# Aurora Lake???



## exexec (Apr 12, 2004)

Does anyone know of a contour map of this lake???


----------



## PAYARA (Apr 7, 2004)

i just want to fish at this place,just once  ........Ahh


----------



## Lewzer (Apr 5, 2004)

Is that the one off of Mennonite Rd?

If so, shallow,weedy and lots of small carp. A Payara paradise.


----------



## exexec (Apr 12, 2004)

I coworker live on the lake. Says he had a bad summer and invited me to help him ( LOLOLOLOL). It is across from the Bertram Inn off rt 43, I think.


----------



## Steel Cranium (Aug 22, 2005)

It is the one close to Reminderville, west of 43. You need to be with someone who lives there to get legal access. The fishing hasn't been as good there over the last couple+ years since they have been chemically killing weeds for the guys with big boats and bigger houses on the south / east side of the lake. I see it as a challenge to fish there in the open water with only a depth finder, looking for those hidden structure treasures.


----------



## PAYARA (Apr 7, 2004)

Lewzer--i think your talking about Sunny lake....anyway
you ain't lying about the small ones up there...lol....


----------



## Lewzer (Apr 5, 2004)

Yeah, that's the one I was thinking about. Went there in a little jonboat this summer. All those small carp made that place a muddy mess.
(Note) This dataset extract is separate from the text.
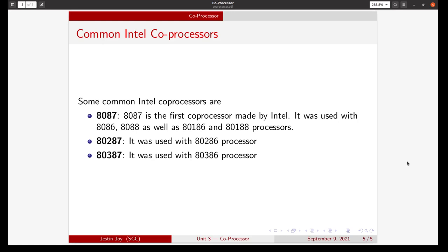Then there was the 80287, which was used with the 80286 processor. And there is the 80387, which was used with the 80386 processor.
The lake exexec is talking about looks interesting.


----------



## ss minnow (Aug 11, 2005)

Aurora lake is private. It used to be a real lilly pad lake. If memory serves, it was a, dare I say a pay lake with a boat livery and a small shore fishing area..nice though. Fourty years ago, maybe as early as 30 years. Now you do need to live there, or be invited and escorted by a resident. It is patrolled regularly. I have observed and heard it is in a common struggle between recreational boating and trying to keep it natural...The older homes on the one side of the lake blame the newer homes on the other side of the lake for all the "progress".


----------



## Nipididdee (Apr 19, 2004)

Aurora Shores- my best buddy and codirector has fished it the past 20 years and is one of the few "full time" bassers on the lake. 

It's chuck loaded with toads, numbers too. I went out with him couple times this year and pretty amazed at the offerings. 

There is a solid skinny flip bite there year round. Big & dumb too.

You would definately end up with a gang load of probs if tried to fish it as a tresspasser- the bassn' there almost makes it worth a risk! Gotta have the combo to the lock though! lol

Nip
www.dobass.com


----------



## tvfisherman (Apr 16, 2004)

My dad talks about Aurora all the time. Him and his brother fished there all the time in the late 50's and early 60's. Claims it was the best place to ever catch bass. Then, when the developments went up he says it all went to snot. The genius engineers who helped 'develop' the lake actually filled in parts of it for the Aurora Shores community. My mom's friend had a house there that was actually slowly sinking. And you could never step in their backyard without water coming up around your feet. But that's progress.


----------